Malcolm F. Collins
Department of Physics and Astronomy
Malcolm Collins did his undergraduate and graduate work at Cambridge University. After eight years as a staff member of the Atomic Energy Research Establishment at Harwell in England, he moved to McMaster University in 1969, where he has been an Alfred P. Sloan Foundation Fellow (1970-72) and Chair of the Physics Department (1976-82). He was the Director of the McMaster Nuclear Reactor from 1987-1994. He has been Chair of the Board of Trustees of the Canadian Institute for Neutron Scattering since 1996. He is a member of the Editorial Board of Solid State Communications.

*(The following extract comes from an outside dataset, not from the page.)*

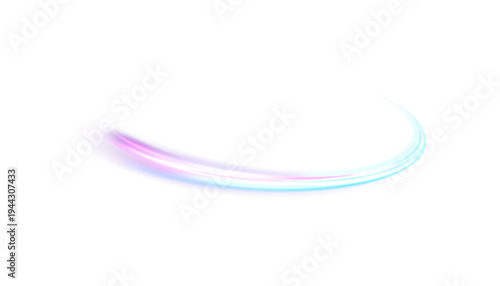 A glowing blue-pink light trail with a smooth curved motion and a soft glowing blur. An abstract multicoloured ‘swoosh’ effect for futuristic overlays.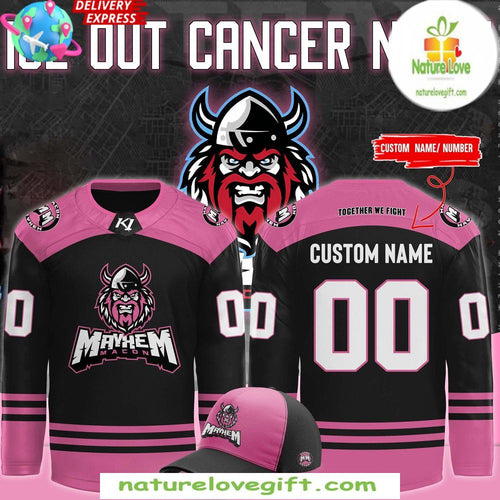 2026 Macon Mayhem Ice Out Cancer Jersey Hockey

Dr. Collins' research work has been mainly in the field of neutron scattering. This work requires the use of the nuclear reactor at Chalk River or at NIST. Neutron scattering is the prime tool for determining magnetic order in solids. Dr. Collins' recent work is uncovering novel magnetic phases and unusual phase transitions in materials with competing magnetic interactions. This competition, known as frustration, changes the physics of magnetic systems. Dr. Collins is involved in investigating such effects in triangular antiferromagnets RbMnBr3 and KNiCl3 and in an antiferromagnet on a Kagomé lattice. Dr. Collins is also working on the glass transition; that is the changes that take place when a super-cooled liquid freezes to form a glass.